K-Nearest Neighbors is a nonparametric learning algorithm in which the classification of an object depends on the values of its neighbors. Each datapoint assumes that its neighbors are indicators for its values and therefore weighs them more than distant values in its predictions [11]. KNN has been previously shown to be highly accurate when tested on gene selection datasets [30]. The parameters used in this study were 3 neighbors.

Metrics

Classification metrics will determine how effective each model was in correctly identifying the current stage of MM progression in a cell. Metrics represent the model prediction out of all cell types in the dataset. For example, accuracy measures the amount of correct predictions out of all 4 cell types, then divides by the total number of cells. Categorical classification of true positives (TP), true negatives (TN), false positives (FP), false negatives (FN), true positive rate (TPR), and true negative rate (TNR) were observed. Accuracy, balanced accuracy, precision, recall, and F-1 score were the metrics included in this study to observe model performance. 80% of each cell type in the dataset was used for training each of the models while the other 20% was used for testing. Figure 4 displays the metrics in depth, along with the entire workflow of the methodology.
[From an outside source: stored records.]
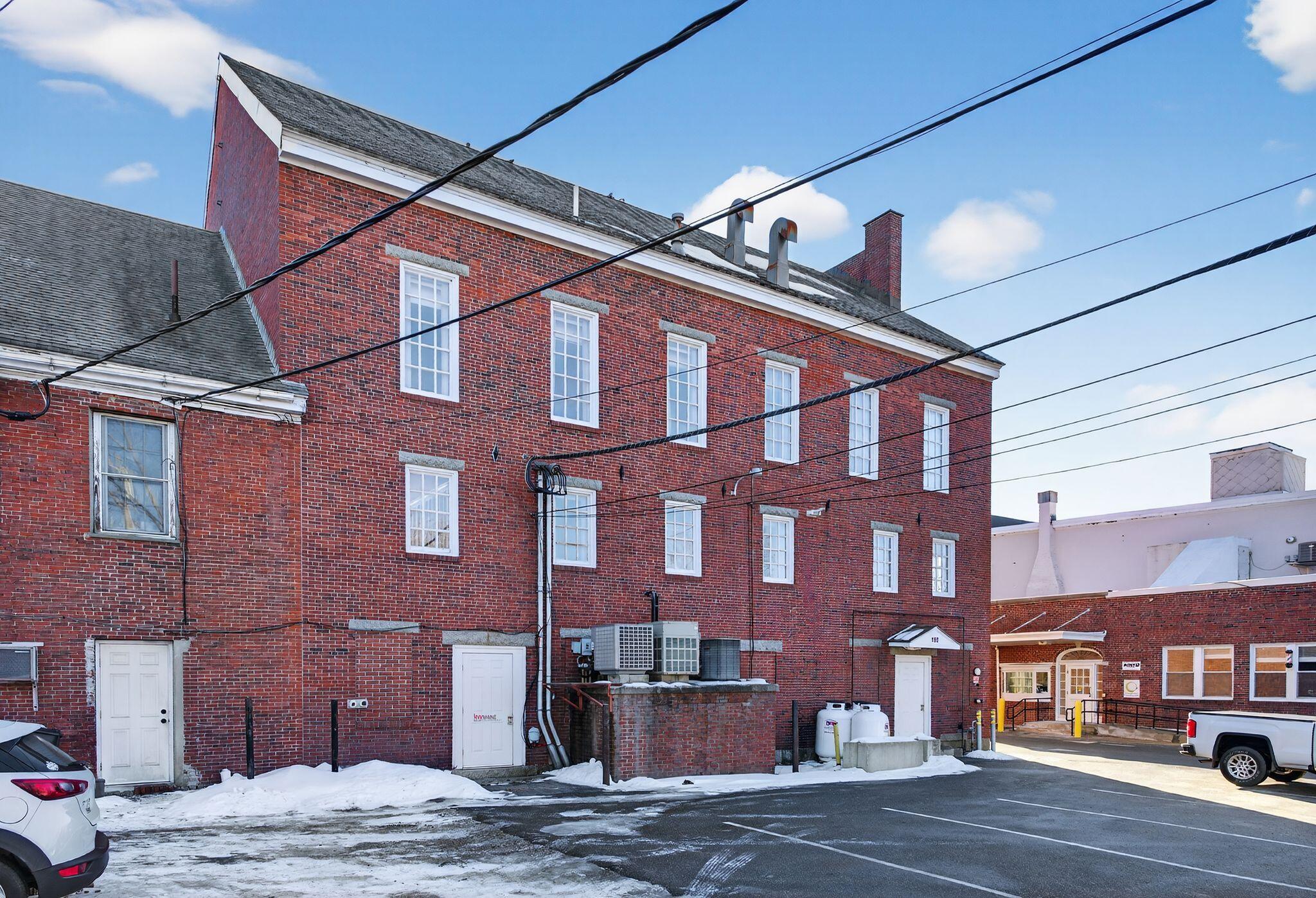 190 Main Street Saco ME 04072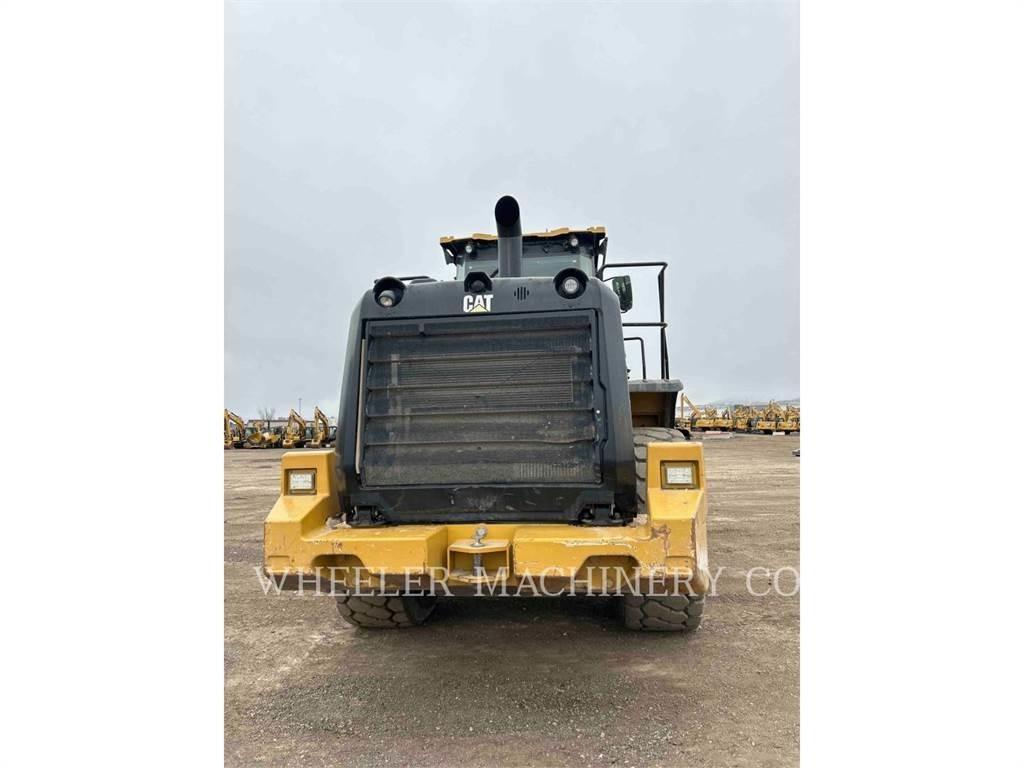 CAT 950M 輪胎式裝載機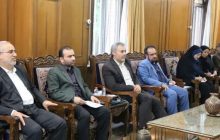 نخستین کتابخانه سیار استان کرمان در رفسنجان راه‌اندازی خواهد شد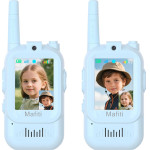 MAFITI ������� Walkie Talkie �� ����� & ������, 3+ ����, ����������������, ����, 2��� - (JK200)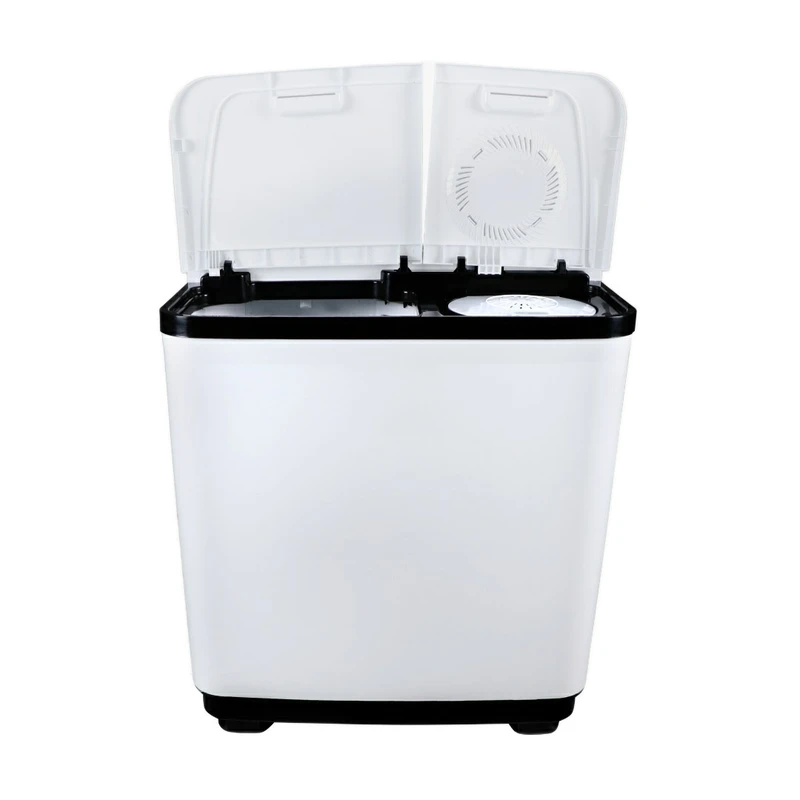 عکس شماره 5 : ماشین لباسشویی نیمه اتوماتیک پاکشوما مدل ptn 9604i aj ظرفیت 9.6 کیلوگرم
Macro-averaged scores calculate the scores from each class and take the unweighted mean of all classes. On the other hand, micro-averaged scores calculate the scores globally across classes and adjust for unbalanced data.
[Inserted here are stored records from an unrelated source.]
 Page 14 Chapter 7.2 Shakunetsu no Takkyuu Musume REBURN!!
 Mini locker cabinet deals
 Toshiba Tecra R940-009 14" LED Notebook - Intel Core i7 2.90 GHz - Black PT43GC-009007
Figure 4. Overall flowchart of methodology. Describes equations used to

calculate accuracy, balanced accuracy, precision, recall, and F-1 score.

Multicollinearity

Multicollinearity is when two or more independent variables show correlation with each other, making it difficult to distinguish their independent influence [43]. Multicollinearity between identified driver genes would indicate that a change in expression levels of one gene was the result of a change in expression levels of another gene, making it unlikely that the gene expression levels changed due to MM. To ensure that the identified driver genes were independent of each other, a multicollinearity test was run and the variance inflation factor (VIF) of each gene was calculated. A VIF value of 1 indicates no correlation between variables, and a VIF value of 10 or greater generally indicates multicollinearity [25]. Identified driver genes that showed multicollinearity were eliminated from this study’s analysis, as a change in gene expression is likely not the result of MM.

III. DATA ANALYSIS AND RESULTS

Metrics Results

Table 1 lists the metric scores for RF, SVM, and KNN. RF was the overall best performing model, with the highest accuracy of 95.61%. RF outperformed the other two models in accuracy, precision, micro-averaged recall, and micro-averaged F-1 score (Table 1). Scores are represented in decimal values and measure performance in each model in correctly identifying cell type. It should be noted that all three models performed extremely similarly to each other with accuracies differing by only 0.43%. Therefore, principal component importance will observe all three models, instead of just the best performing one. All three models will be observed to see which majority principal component was the most important.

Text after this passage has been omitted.